Scraped caption text data
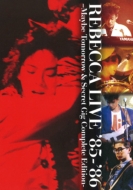 REBECCA LIVE '85-'86 -Maybe Tomorrow & Secret Gig Complete Edition-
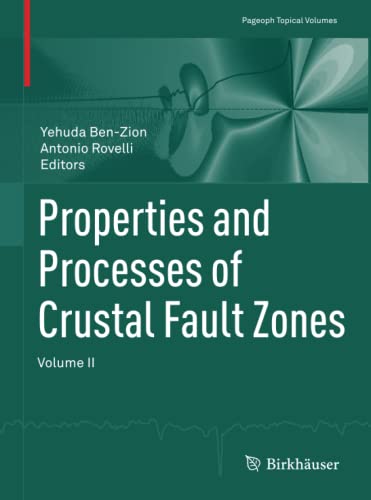 Properties and Processes of Crustal Fault Zones: Volume II (Pageoph Topical Volumes)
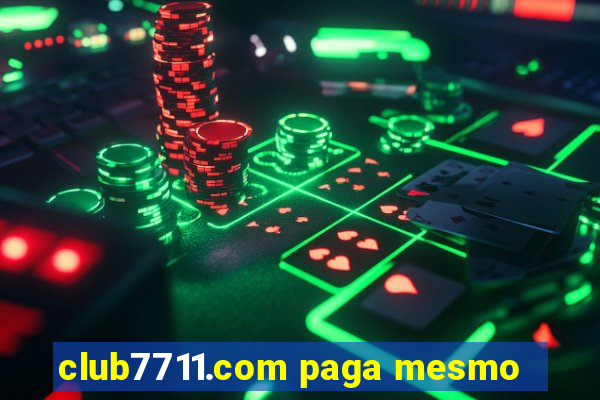 club7711.com paga mesmo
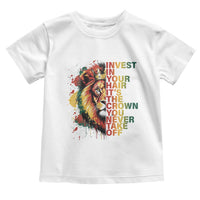 Rasta Lion Toddler T Shirt Invest In Your Hair It's The Crown You Never Take Off Jamaican Pride - Wonder Print Shop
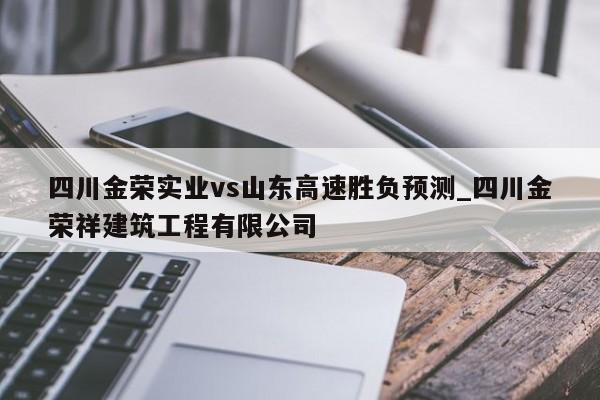 四川金荣实业vs山东高速胜负预测_四川金荣祥建筑工程有限公司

Brief:
Write out the data exactly, and exclude every picture it holds.

The answer:
 REBECCA LIVE '85-'86 -Maybe Tomorrow & Secret Gig Complete Edition-
 Properties and Processes of Crustal Fault Zones: Volume II (Pageoph Topical Volumes)
 club7711.com paga mesmo
 Rasta Lion Toddler T Shirt Invest In Your Hair It's The Crown You Never Take Off Jamaican Pride - Wonder Print Shop
 四川金荣实业vs山东高速胜负预测_四川金荣祥建筑工程有限公司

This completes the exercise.